▸ **The problem**
Once the line with "Torrid Sleeveless Top (view 2)" has been located in the records below, set down that line and all subsequent lines exactly, omitting the pictures.

(Short text fragments from websites)
%%

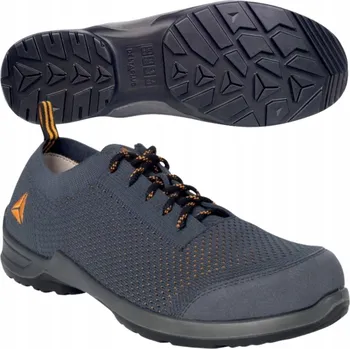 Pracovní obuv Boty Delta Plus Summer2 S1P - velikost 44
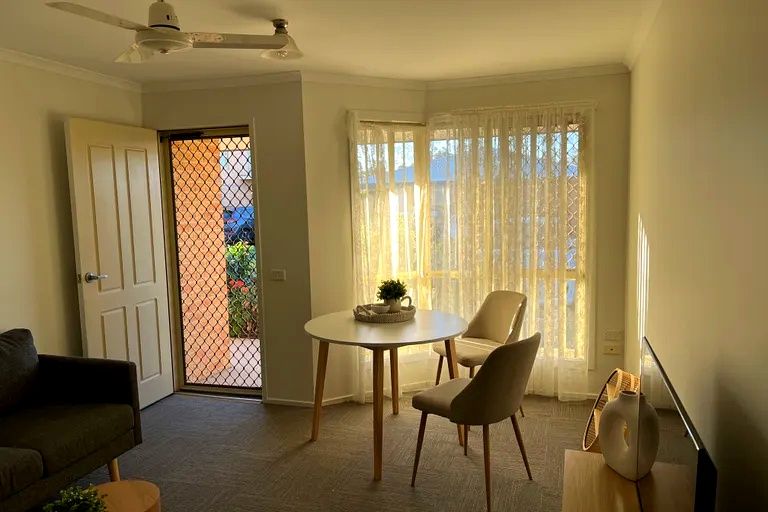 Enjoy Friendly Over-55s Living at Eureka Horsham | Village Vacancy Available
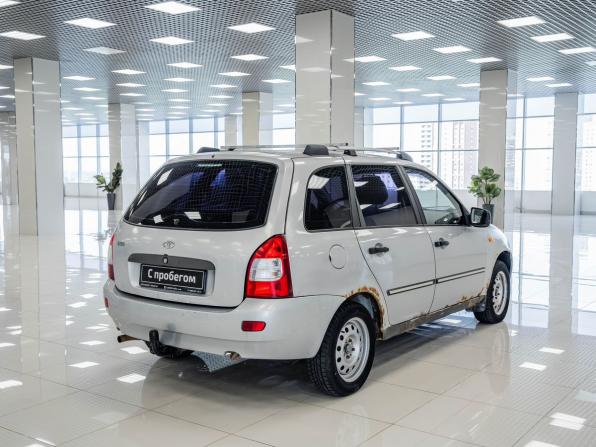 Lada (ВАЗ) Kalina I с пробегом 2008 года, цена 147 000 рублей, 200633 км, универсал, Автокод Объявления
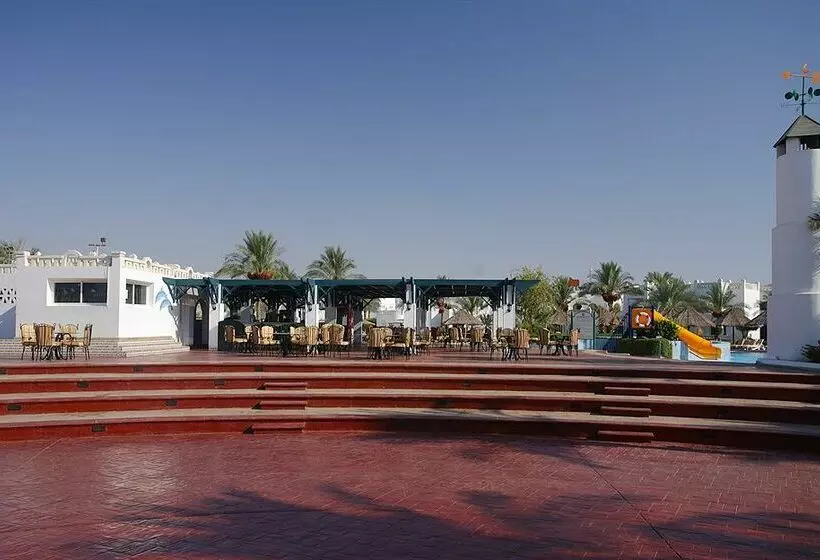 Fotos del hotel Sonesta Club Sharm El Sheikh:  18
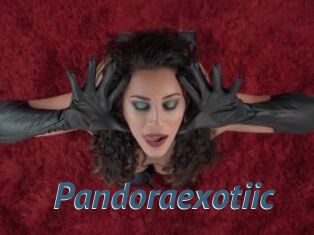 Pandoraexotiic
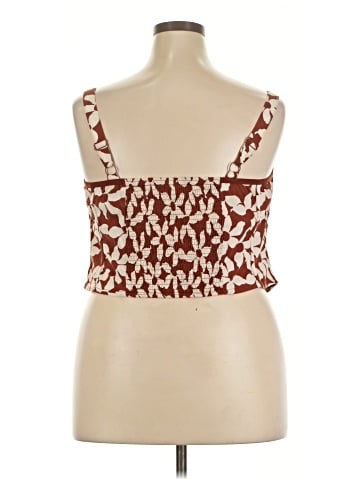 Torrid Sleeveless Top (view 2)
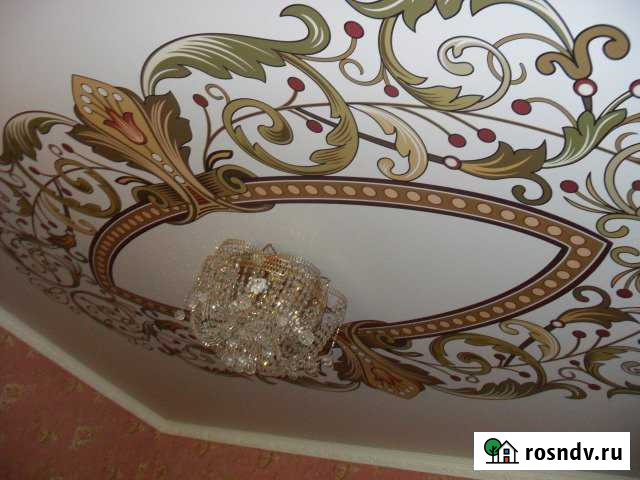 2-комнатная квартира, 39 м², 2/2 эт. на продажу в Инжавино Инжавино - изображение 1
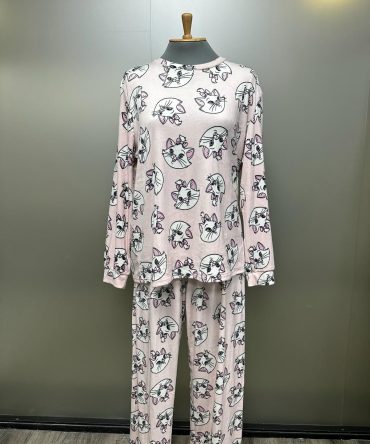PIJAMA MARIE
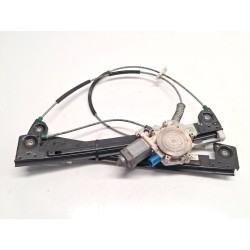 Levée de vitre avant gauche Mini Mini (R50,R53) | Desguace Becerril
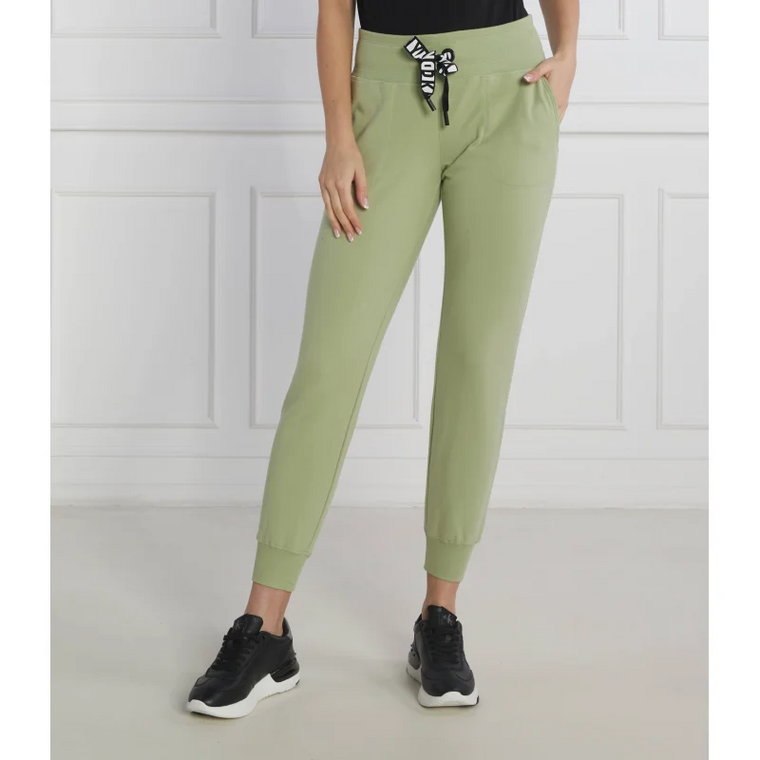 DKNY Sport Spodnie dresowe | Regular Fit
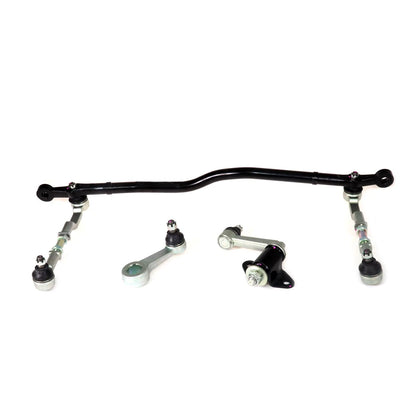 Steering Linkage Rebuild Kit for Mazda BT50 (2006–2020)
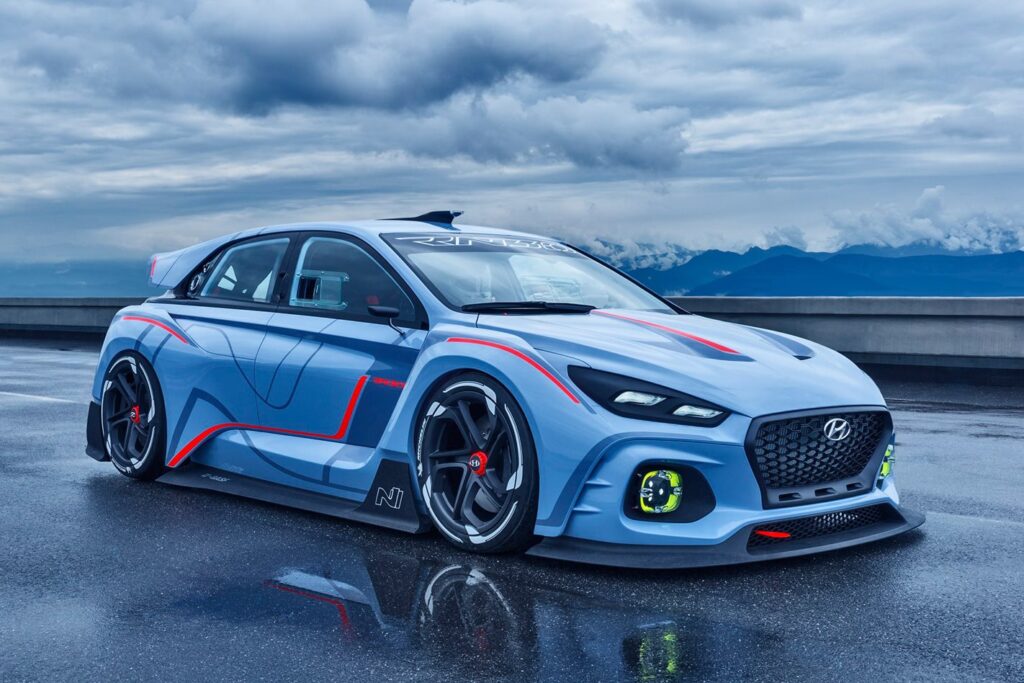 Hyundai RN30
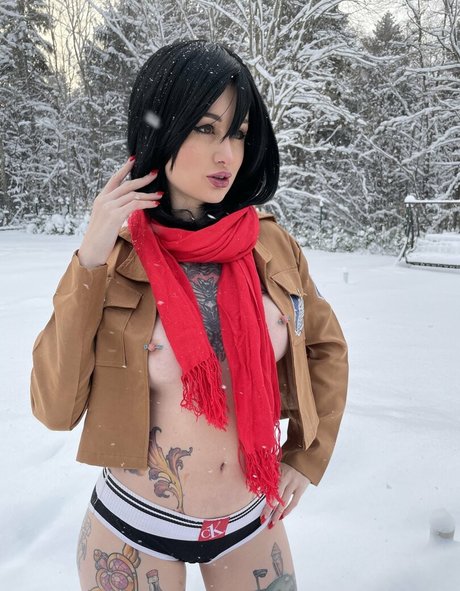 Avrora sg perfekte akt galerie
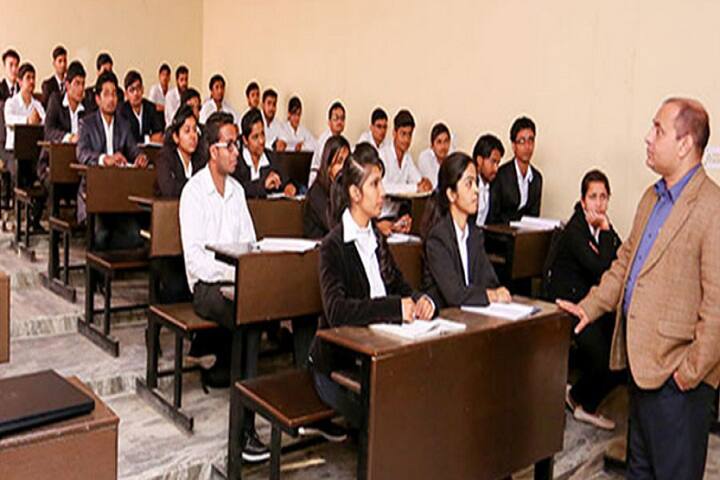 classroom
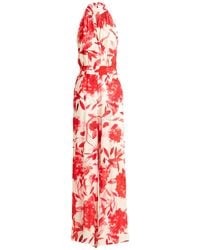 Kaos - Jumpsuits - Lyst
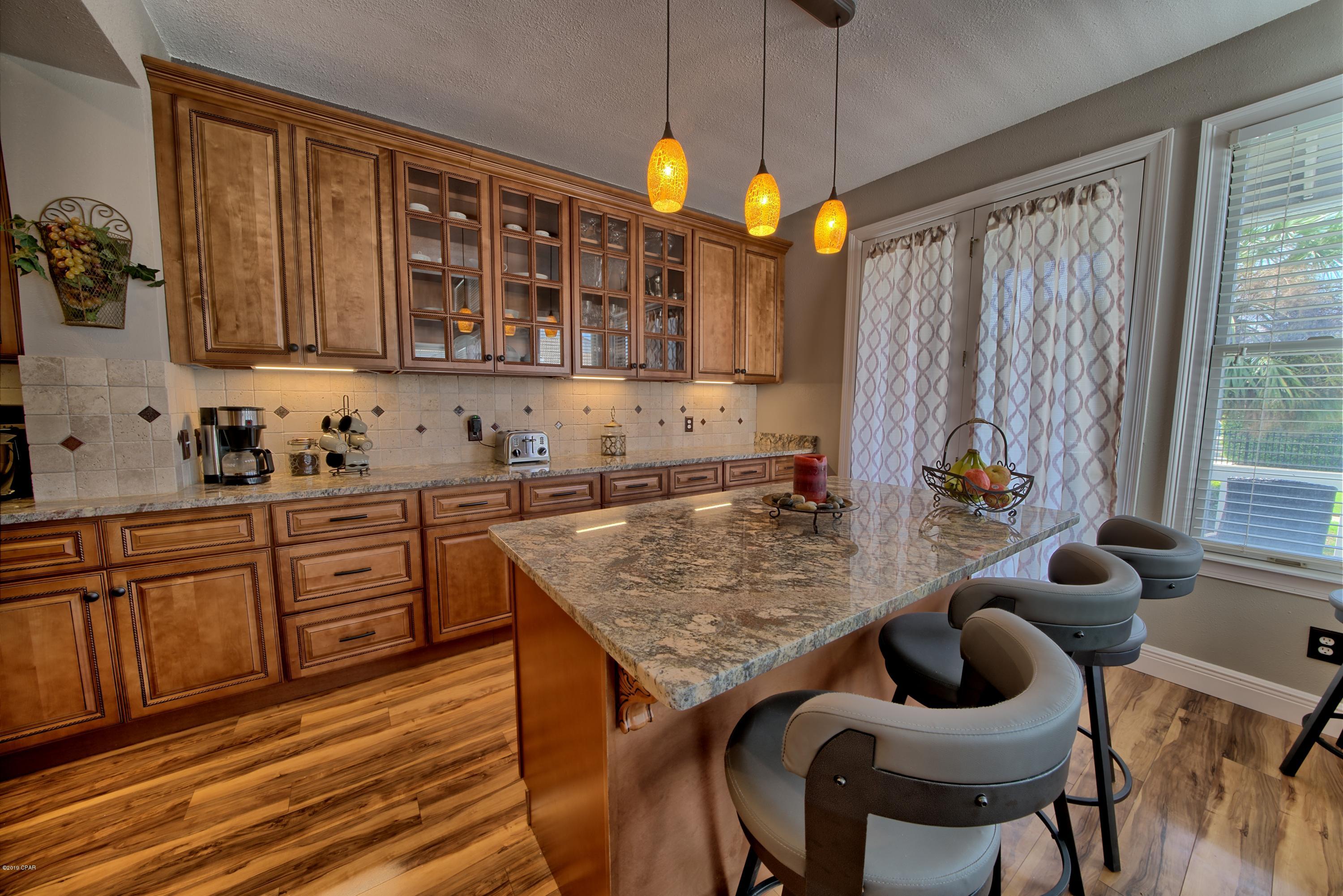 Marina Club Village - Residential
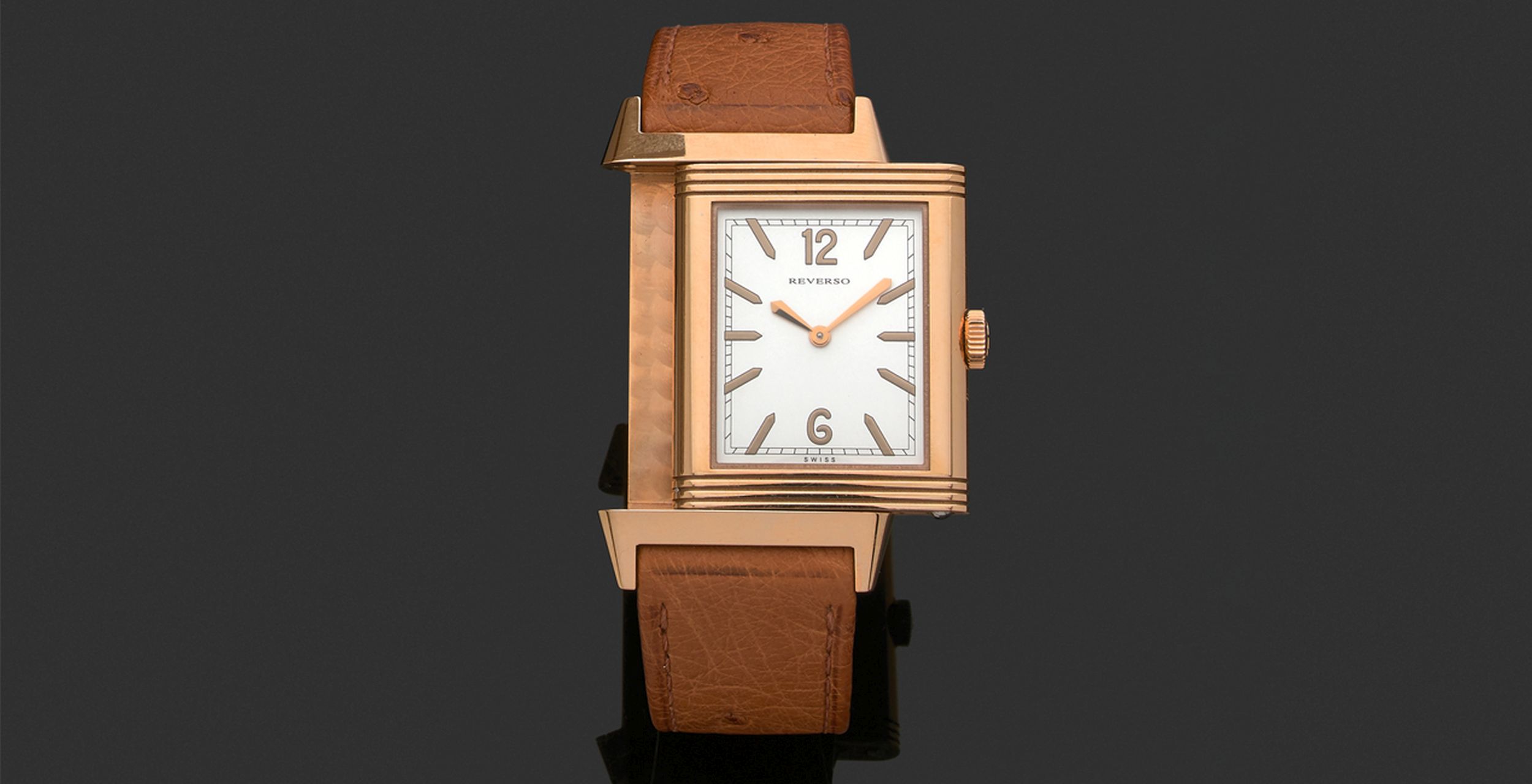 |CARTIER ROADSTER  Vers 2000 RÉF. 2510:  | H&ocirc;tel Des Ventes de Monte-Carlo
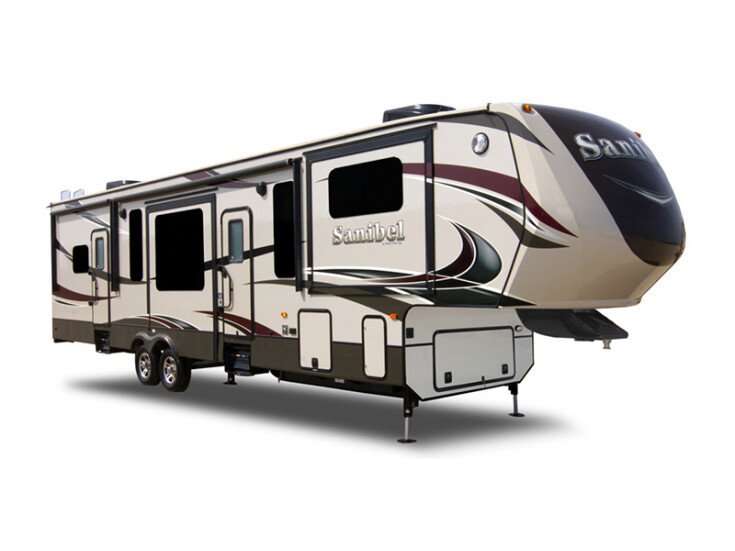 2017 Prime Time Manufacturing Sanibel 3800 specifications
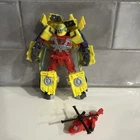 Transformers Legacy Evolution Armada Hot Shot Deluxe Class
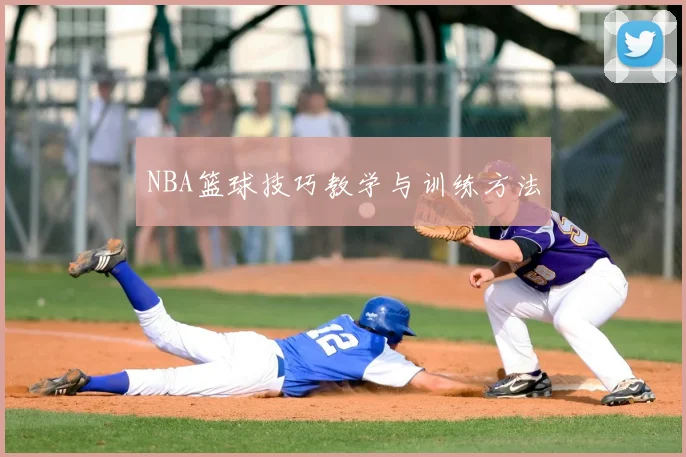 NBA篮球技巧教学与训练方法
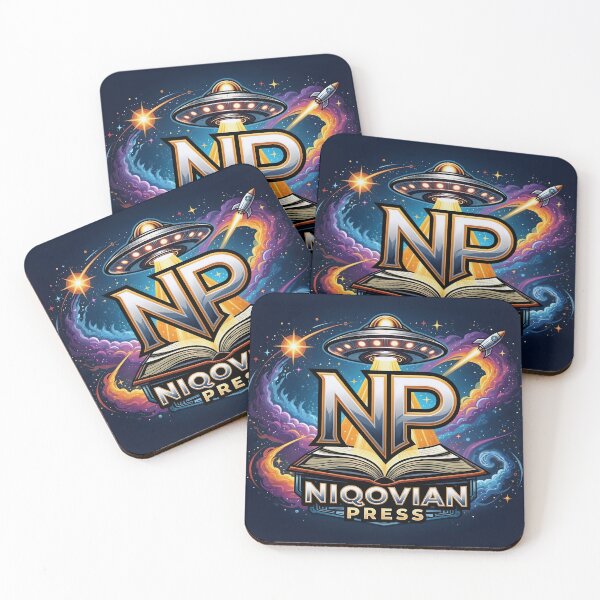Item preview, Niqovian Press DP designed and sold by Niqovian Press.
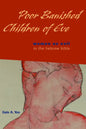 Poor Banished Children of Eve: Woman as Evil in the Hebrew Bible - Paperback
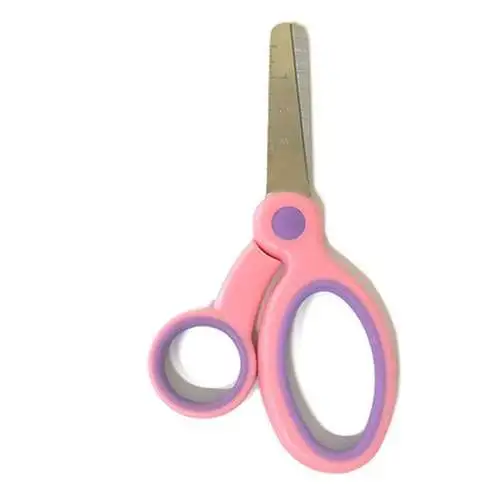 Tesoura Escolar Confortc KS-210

%%

▸ **Completed task**
 Torrid Sleeveless Top (view 2)
 2-комнатная квартира, 39 м², 2/2 эт. на продажу в Инжавино Инжавино - изображение 1
PIJAMA MARIE
 Levée de vitre avant gauche Mini Mini (R50,R53) | Desguace Becerril
 DKNY Sport Spodnie dresowe | Regular Fit
 Steering Linkage Rebuild Kit for Mazda BT50 (2006–2020)
 Hyundai RN30
 Avrora sg perfekte akt galerie
 classroom
 Kaos - Jumpsuits - Lyst
 Marina Club Village - Residential
 |CARTIER ROADSTER  Vers 2000 RÉF. 2510:  | H&ocirc;tel Des Ventes de Monte-Carlo
 2017 Prime Time Manufacturing Sanibel 3800 specifications
 Transformers Legacy Evolution Armada Hot Shot Deluxe Class
 NBA篮球技巧教学与训练方法
Item preview, Niqovian Press DP designed and sold by Niqovian Press.
 Poor Banished Children of Eve: Woman as Evil in the Hebrew Bible - Paperback
 Tesoura Escolar Confortc KS-210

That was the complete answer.